In this six-page paper (presented by the author in January 2017 during the Exegetical Symposium at Concordia Theological Seminary, Ft. Wayne, Indiana), Dr. Juedes offers a concise introduction to a view that supports “deacon” as an office from a Lutheran theological perspective. Dr. Juedes supports each of his main points with documentation of his exegetical study of Scripture and the Lutheran Confessions.
Here are some excerpts:
ON THE ROLE OF THE FIRST DEACONS AS A MODEL FOR INTEGRATING THE GREEKS
“People who think the Seven (deacons in the book of Acts) were tasked to help the poor struggle to explain why stories of them baptizing Greeks don’t fit the theory. But if we see that the Seven were tasked to assist the apostles in converting and integrating Greeks into the church, everything makes sense. Luke offers the Seven as a model for how to assimilate Greeks because this problem plagued the Church for generations, from the Jerusalem council to Corinthians eating food sacrificed to idols.”
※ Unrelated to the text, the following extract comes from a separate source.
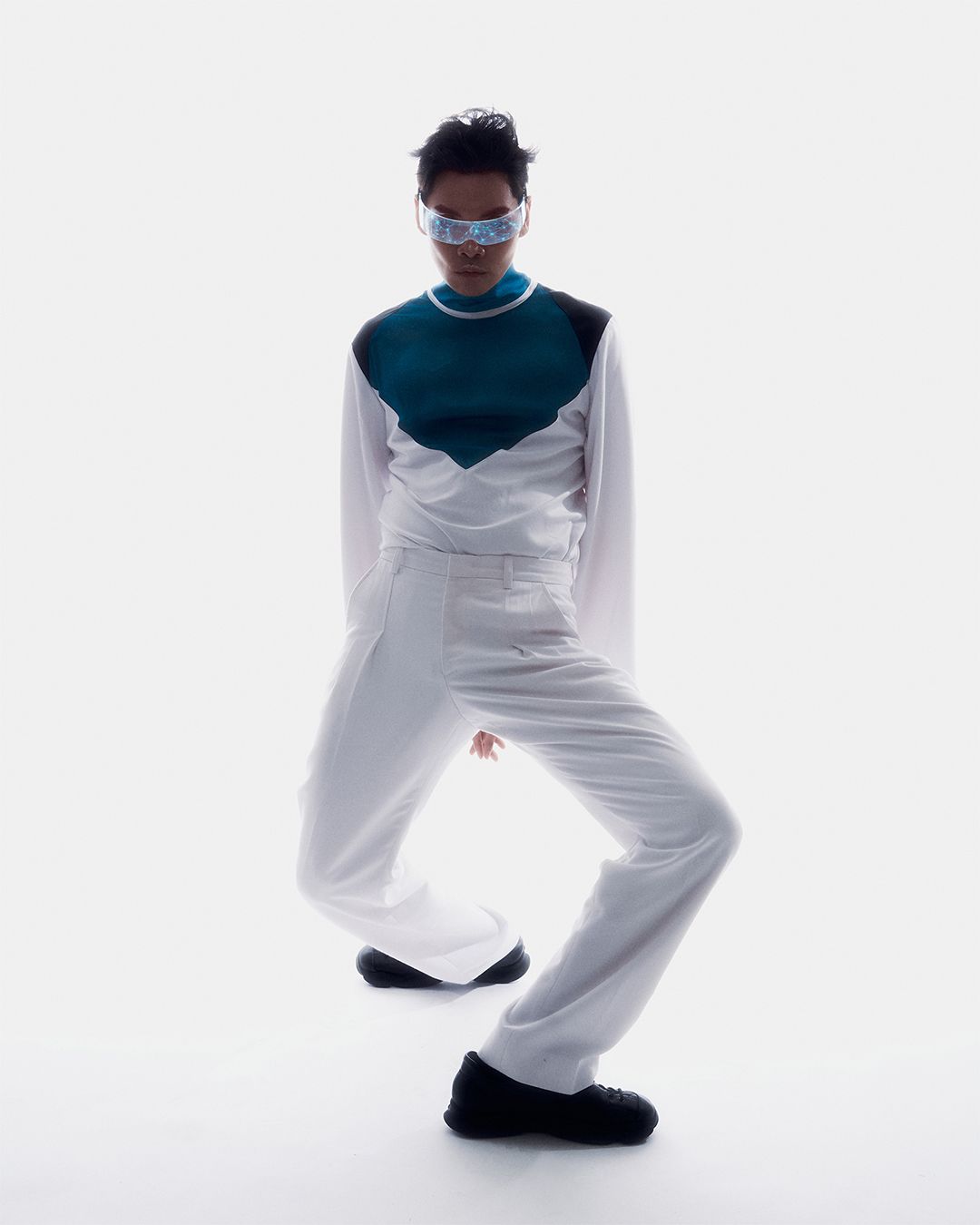 NETWORK — Look 7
ON THE TEMPLATE PROVIDED BY ACTS FOR THE OFFICE OF DEACON
“….Acts 6 lays out five elements of the deacon office which are the pattern for today:
- Deacons are a separate office with a ministry similar to, but distinct from apostles, overseers and pastors; neither “layman” nor “pastor.”
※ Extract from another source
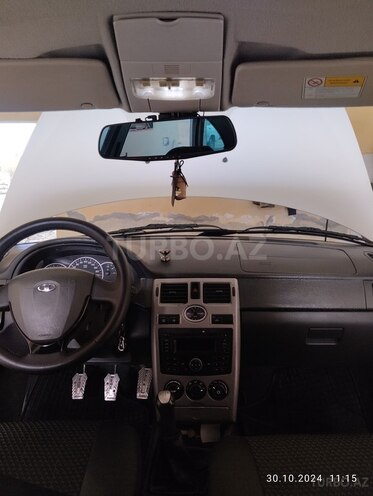 LADA (VAZ) Priora 2013, 186,000 km - 1.6 л - Saatlı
- The office of deacon and overseer overlap because deacons assist and expand their ministry,
- Deacons are called by local congregations and publically ordained.
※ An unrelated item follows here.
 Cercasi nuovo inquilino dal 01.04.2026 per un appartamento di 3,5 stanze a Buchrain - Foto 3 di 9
- influential spiritual ministry of deacons requires spiritual and character qualifications as in 1 Timothy 3
- Ministry portfolio is broad, and varies in response to needs of congregations and overseers.”
ON WHAT THE LUTHERAN CONFESSIONS SAY
“….The confessions speak of deacons as being ordained. In the modern Missouri synod “ordain” is a word restricted to pastors, but in the New Testament and Confessions it is a multipurpose word used of bishops and deacons also. Lutheran practice is that one must have a call before he can be ordained. Since the confessions consider deacons to be ordained, they also consider them to be called.
Overall, the Lutheran confessions teach that deacon is one of three orders, or offices, of minister, one type of called and ordained clergyman, neither pastor nor layman, with liturgical functions….”
ON THE USE OF DEACONS IN OTHER LUTHERAN BODIES
“….We identify modern deacons by looking at their functions not their titles. A list of 18 Lutheran and nonLutheran bodies that have deacons, and their titles, is available. In general, liturgical churches give deacons pastoral functions while nonliturgical churches limit them to social ministry. The recent American Missouri Synod (i.e. the LCMS) is an anomaly in that it has no nationally recognized office of deacon.
There are two gaps in synod’s view of deacons. The theological knowledge gap is that recent American Missouri Synod tradition does not realize that the Confessions consider deacons a biblical office nor that there are three orders. The administrative gap is that there is no roster of deacons.”